Sunday, 31 October 2010

On Choroechoic Composition

During my university years I conducted a research trying to find the means through which sound objects, as the are defined by Pierre Schaefer, can be treated for exhibition as actual tangible objects.

The main difference between an object sonore and a physical one is the factor of time. A physical object once positioned and left alone somewhere, is timeless. It stands there showcasing its attributes. On the contrary, sound is time dependent. It has an onset, duration and an offset, therefore it seems that by following the laws of physics, an effort to treat a sound object as a tangible one on exhibition would be in vain.
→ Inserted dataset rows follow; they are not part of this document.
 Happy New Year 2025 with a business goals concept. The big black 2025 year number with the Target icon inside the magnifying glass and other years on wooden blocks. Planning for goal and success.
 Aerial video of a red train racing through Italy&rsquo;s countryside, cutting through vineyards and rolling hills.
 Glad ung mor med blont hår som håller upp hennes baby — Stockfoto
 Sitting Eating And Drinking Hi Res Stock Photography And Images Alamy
Yet an artist undertakes sometimes the role of an illusionist. If the illusion that a sound object is timeless can be created, then the purpose of the research will be successful.
I created an algorithm in max/msp which plays back random parts of a sample and crossfades them with each other, then it is directing them to one single output. The audible result is a sound object that is always there at a specific position in space but it never ends or repeats itself in a loop thus acquiring the sense of time. Lets not forget that time is the result of a periodic gesture.
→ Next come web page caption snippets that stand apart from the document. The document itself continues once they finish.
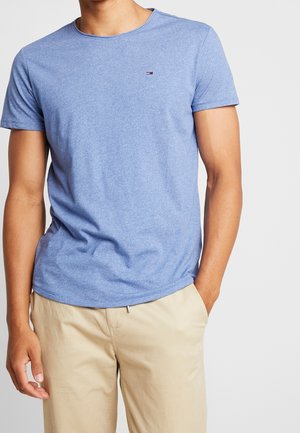 Mężczyzna w jasnoniebieskiej koszulce z krótkim rękawem i beżowych spodniach, z jedną ręką w kieszeni na jednolitym tle.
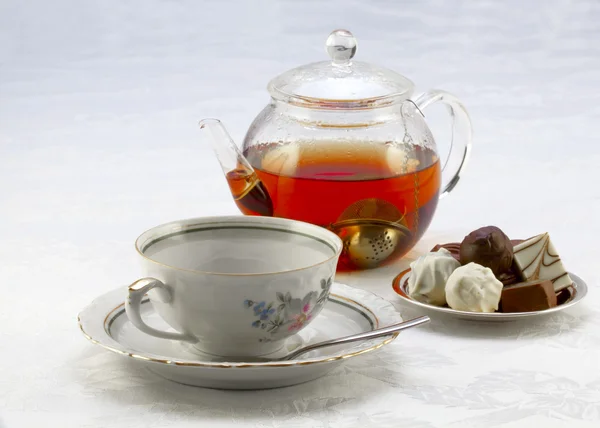 Cup on a saucer, teapot and chocolates — Stock Photo, Image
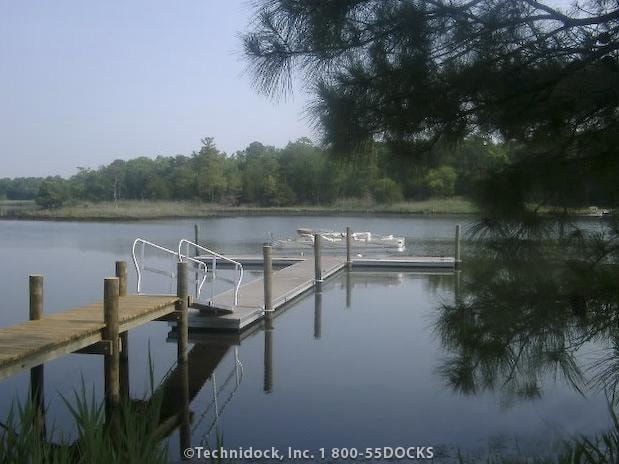 TechniDock aluminum composite floating dock with boat slips on calm wooded lake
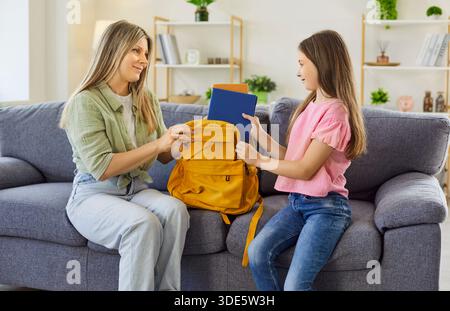 Lächelnde Mutter und Tochter organisieren gemeinsam den Schulrucksack auf der Couch zu Hause Stockfoto
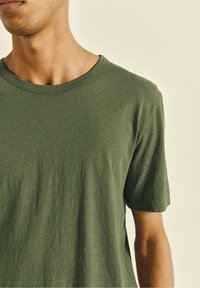 Olive green, short-sleeve crew neck t-shirt made from soft, textured fabric, featuring a relaxed fit and visible stitching details.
When a sound object has gone through this process it is being turned into a Choroechon (Choros in greek means space and Echos means sound).

Choroechoic composition is the compositional strategy and procedure which uses Choroecha in order to create a spacial artwork of sounds in the same manner a visual artists creates a composition in space out of tangible objects.

This procedure will be used to create an installation using choroecha that are produced by the unwanted artefacts or sonic garbage that have been mentioned below.